A. The Miller Act in the Third Circuit
“The Miller Act requires every contractor on a federal government contract exceeding $100, 000 to provide ‘[a] payment bond with a surety . . . for the protection of all persons supplying labor and material in carrying out the work provided for in the contract.’” U.S. ex rel. E & H Steel Corp. v. C. Pyramid Enters., Inc., 509 F.3d 184, 186 (3d Cir. 2007) (quoting 40 U.S.C. § 3131(b)(2)); see also Dep’t of Army v. Blue Fox, Inc., 525 U.S. 255, 264 (1999) (“[R]ecognizing that sovereign immunity left subcontractors and suppliers without a remedy against the Government when the general contractor became insolvent, Congress enacted the Miller Act.”). Any supplier or sub-contractor who “has not been paid in full within 90 days” for labor performed or supplies furnished “may bring a civil action on the payment bond for the amount unpaid at the time the civil action is brought and may prosecute the action to final execution and judgment for the amount due.” 40 U.S.C. § 3133(b)(1).
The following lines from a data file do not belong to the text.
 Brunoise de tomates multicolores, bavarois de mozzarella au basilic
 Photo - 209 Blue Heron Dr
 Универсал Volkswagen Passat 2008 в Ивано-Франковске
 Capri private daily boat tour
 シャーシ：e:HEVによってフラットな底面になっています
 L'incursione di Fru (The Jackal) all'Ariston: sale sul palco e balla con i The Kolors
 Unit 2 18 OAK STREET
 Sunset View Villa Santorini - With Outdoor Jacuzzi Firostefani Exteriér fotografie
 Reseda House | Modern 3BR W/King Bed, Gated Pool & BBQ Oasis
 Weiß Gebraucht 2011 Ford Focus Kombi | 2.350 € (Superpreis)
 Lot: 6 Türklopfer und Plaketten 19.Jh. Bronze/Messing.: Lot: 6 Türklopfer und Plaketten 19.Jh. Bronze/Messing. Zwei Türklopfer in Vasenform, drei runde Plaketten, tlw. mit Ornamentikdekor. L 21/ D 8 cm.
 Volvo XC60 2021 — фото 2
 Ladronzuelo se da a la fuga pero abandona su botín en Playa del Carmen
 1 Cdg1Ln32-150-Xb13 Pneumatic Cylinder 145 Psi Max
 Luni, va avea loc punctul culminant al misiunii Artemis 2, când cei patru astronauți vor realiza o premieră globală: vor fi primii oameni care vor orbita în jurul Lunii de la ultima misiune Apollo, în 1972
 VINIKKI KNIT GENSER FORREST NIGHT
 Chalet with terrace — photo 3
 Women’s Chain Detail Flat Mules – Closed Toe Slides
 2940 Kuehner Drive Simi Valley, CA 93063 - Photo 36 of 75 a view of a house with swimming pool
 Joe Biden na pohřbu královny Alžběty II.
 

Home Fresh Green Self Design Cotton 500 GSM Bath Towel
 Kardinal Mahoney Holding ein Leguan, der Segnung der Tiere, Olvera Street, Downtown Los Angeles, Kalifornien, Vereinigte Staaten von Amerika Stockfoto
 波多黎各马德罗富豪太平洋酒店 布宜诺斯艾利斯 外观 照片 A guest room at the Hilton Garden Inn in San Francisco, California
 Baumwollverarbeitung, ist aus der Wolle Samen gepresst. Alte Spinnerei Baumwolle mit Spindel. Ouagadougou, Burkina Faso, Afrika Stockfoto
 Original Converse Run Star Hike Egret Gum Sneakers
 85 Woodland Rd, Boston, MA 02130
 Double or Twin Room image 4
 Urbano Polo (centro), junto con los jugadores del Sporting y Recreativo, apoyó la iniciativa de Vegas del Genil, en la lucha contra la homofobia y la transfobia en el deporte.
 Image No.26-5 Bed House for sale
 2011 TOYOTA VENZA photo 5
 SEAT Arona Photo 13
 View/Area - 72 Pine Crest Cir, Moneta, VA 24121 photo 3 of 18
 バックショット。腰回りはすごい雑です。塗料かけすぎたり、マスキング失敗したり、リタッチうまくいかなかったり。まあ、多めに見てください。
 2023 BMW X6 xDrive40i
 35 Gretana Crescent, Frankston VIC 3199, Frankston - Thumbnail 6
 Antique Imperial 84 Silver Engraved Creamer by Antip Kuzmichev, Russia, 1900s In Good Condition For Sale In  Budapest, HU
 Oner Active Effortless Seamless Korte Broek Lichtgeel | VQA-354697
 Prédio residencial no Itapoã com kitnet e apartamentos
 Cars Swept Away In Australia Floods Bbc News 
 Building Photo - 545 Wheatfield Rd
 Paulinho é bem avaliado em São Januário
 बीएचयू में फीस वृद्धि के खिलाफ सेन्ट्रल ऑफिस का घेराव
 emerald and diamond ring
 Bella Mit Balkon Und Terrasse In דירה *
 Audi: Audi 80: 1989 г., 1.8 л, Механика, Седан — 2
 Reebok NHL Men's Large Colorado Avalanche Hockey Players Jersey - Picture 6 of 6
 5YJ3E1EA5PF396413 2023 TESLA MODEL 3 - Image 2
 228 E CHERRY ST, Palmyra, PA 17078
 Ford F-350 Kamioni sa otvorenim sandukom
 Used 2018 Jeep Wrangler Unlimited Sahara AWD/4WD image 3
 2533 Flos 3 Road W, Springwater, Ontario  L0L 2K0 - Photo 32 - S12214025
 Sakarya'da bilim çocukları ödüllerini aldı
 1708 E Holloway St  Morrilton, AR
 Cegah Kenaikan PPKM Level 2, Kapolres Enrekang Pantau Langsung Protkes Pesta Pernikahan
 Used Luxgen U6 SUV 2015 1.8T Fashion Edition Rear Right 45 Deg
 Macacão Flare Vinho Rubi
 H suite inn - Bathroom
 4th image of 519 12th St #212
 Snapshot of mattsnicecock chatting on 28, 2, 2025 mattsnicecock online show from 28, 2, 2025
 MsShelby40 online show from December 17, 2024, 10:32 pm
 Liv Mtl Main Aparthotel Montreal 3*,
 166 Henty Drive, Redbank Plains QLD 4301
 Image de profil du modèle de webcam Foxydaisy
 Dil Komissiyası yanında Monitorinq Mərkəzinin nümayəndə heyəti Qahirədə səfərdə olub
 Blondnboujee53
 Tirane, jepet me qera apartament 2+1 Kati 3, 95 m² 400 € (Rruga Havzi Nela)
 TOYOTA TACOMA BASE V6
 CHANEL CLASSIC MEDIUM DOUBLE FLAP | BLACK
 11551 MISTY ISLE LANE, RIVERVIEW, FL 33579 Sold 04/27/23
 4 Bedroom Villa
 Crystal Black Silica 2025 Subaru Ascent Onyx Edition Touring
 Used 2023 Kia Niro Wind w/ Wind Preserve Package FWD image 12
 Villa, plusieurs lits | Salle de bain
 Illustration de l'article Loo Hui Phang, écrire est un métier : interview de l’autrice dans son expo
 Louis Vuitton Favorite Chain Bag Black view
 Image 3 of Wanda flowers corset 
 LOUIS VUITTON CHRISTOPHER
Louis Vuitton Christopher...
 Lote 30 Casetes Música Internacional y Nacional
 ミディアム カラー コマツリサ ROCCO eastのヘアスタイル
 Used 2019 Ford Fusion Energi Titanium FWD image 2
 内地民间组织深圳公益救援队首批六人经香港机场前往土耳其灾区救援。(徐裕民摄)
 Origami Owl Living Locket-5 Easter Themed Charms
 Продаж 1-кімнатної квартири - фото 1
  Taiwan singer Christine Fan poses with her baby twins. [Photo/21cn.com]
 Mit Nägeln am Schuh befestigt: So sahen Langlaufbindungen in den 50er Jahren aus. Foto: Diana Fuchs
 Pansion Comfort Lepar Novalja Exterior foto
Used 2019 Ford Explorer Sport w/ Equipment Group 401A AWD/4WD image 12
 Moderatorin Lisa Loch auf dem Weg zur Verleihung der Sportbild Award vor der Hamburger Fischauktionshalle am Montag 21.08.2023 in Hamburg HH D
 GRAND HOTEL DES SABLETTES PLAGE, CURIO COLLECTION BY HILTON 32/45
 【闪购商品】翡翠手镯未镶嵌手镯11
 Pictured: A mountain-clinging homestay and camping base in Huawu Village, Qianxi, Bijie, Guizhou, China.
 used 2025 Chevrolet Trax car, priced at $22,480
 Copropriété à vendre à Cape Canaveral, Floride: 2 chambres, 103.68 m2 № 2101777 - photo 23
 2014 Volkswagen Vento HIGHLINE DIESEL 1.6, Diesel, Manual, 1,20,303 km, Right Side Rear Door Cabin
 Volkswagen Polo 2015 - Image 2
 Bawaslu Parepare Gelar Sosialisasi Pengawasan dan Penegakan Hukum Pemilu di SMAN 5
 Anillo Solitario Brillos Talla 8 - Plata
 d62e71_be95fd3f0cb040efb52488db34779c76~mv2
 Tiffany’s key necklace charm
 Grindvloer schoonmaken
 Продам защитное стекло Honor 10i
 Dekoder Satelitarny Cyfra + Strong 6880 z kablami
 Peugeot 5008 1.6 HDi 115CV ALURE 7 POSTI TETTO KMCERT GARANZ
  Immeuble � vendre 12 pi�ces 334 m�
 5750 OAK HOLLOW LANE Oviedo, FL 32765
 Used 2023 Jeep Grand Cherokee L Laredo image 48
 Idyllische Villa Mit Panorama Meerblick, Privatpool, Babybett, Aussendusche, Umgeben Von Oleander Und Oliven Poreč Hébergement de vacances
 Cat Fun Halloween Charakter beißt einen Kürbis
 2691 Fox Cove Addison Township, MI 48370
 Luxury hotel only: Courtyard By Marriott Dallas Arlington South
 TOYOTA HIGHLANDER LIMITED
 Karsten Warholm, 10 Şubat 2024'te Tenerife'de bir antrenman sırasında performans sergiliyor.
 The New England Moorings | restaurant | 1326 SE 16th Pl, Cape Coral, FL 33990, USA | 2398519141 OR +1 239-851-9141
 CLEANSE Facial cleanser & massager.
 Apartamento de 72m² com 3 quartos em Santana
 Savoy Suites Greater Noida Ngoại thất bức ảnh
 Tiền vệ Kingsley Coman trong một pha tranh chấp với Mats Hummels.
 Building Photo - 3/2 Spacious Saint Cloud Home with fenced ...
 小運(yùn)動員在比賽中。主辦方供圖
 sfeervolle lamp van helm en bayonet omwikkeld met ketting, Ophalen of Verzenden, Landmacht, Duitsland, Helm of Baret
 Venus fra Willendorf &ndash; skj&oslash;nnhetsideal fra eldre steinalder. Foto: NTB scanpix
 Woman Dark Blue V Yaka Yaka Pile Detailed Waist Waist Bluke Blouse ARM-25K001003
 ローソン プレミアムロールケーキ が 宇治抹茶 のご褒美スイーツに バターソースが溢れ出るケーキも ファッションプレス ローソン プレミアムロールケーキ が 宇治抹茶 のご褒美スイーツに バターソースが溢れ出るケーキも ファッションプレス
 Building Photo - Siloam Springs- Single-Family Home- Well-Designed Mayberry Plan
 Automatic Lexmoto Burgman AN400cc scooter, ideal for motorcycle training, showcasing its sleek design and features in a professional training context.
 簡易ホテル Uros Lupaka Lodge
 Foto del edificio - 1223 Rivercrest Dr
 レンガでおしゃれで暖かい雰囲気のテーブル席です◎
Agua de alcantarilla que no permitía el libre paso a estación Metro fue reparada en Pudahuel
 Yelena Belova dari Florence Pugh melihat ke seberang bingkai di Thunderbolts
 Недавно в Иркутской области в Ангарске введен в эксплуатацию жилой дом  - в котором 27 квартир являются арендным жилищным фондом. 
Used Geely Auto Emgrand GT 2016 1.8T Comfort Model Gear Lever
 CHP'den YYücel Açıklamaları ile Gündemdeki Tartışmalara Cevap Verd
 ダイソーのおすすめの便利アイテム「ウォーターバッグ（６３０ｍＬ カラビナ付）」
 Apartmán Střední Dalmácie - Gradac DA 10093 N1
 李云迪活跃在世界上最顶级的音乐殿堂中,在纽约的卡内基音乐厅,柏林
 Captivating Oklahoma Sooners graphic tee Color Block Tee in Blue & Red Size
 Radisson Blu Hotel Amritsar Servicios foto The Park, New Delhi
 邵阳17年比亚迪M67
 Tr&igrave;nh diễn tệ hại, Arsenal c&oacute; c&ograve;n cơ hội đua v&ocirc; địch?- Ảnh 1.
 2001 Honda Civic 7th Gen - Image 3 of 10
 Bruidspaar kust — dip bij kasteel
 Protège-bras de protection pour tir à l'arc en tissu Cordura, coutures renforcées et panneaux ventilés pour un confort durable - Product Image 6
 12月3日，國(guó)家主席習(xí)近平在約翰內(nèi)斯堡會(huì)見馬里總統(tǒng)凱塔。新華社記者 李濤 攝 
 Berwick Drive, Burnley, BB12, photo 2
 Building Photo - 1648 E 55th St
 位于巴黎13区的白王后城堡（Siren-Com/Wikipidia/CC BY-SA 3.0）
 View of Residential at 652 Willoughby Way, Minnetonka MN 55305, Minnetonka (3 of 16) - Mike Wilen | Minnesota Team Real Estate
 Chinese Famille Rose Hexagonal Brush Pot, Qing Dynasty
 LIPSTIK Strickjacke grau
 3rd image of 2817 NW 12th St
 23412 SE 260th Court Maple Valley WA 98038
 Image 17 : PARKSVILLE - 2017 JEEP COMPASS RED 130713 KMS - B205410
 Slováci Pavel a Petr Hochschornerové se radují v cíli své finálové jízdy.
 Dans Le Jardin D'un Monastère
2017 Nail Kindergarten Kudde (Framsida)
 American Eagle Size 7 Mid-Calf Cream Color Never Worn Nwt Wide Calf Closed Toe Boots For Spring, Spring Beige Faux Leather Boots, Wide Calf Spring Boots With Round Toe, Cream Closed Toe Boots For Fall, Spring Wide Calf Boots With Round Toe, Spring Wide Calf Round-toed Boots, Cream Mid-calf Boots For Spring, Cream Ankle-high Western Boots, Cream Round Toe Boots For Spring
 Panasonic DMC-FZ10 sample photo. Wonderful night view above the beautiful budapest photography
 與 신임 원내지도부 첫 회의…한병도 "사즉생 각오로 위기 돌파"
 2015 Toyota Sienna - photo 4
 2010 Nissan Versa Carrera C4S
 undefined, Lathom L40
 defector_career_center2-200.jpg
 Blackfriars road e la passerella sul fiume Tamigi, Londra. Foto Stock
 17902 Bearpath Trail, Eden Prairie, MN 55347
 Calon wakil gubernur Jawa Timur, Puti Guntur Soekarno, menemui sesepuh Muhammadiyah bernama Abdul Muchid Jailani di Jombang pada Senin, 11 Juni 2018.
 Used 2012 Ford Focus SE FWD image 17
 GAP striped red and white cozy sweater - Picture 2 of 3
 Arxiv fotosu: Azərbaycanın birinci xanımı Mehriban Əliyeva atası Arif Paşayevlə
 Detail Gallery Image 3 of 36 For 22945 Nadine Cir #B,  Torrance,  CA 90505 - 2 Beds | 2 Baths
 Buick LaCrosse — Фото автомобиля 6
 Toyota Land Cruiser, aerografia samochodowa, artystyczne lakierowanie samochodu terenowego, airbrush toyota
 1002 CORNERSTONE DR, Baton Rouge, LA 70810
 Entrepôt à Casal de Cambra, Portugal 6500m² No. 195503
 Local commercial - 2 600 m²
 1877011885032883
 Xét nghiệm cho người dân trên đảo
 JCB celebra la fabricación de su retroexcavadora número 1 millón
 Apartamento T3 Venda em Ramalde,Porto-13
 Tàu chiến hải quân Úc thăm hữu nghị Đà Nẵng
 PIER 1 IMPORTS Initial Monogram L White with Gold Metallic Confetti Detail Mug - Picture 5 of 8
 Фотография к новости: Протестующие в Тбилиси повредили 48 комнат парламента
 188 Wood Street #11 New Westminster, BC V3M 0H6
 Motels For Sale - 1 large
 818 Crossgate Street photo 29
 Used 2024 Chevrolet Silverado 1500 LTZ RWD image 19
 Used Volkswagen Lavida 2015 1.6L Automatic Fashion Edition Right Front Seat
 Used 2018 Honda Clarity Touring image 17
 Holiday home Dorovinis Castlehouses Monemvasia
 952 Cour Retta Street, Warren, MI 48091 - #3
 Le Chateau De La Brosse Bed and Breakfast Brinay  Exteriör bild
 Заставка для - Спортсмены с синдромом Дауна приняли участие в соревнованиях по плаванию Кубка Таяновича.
The Act requires that suit “must be brought no later than one year after the day on which the last of the labor was performed or material was supplied by the person bringing the action.” 40 U.S.C. § 3133(b)(4). While courts must construe the Act liberally “to protect those whose labor and materials go into public projects, ” J.W. Bateson Co. v. U.S. ex rel. Bd. of Trs. of Nat. Automatic Sprinkler Indus. Pension Fund, 434 U.S. 586, 594 (1978), the law of this Circuit has been that the Act’s limitations period is a jurisdictional prerequisite to suit. See U.S. ex rel. Soda, 253 F.2d 509; see also U.S. ex rel. J.D.M. Materials Co. v. Fireman’s Fund Ins. Co., No. 98-5186, 1999 WL 94614, at *2 (E.D. Pa. Feb. 3, 1999) (citing Soda); United States v. Fid. & Deposit Co. of Md., 999 F.Supp. 734, 741 (D.N.J. 1998) (examining the complaint for the “jurisdictional requirement of the Miller Act’s one-year statute of limitations”); Cacon, Inc. v. Fletcher & Sons, Inc., No. 90-2503, 1991 WL 25693 (E.D. Pa. Feb. 25, 1991) (citing Soda for proposition that “[c]ompliance with the statutory period is a jurisdictional prerequisite to the maintenance of any suit”); Pittsburgh Builders Supply Co. v. Westmoreland Const. Co., 702 F.Supp. 106, 109 (W.D. Pa. 1989) (“The limitations period of the Miller Act has always been construed to be mandatory and jurisdictional.”).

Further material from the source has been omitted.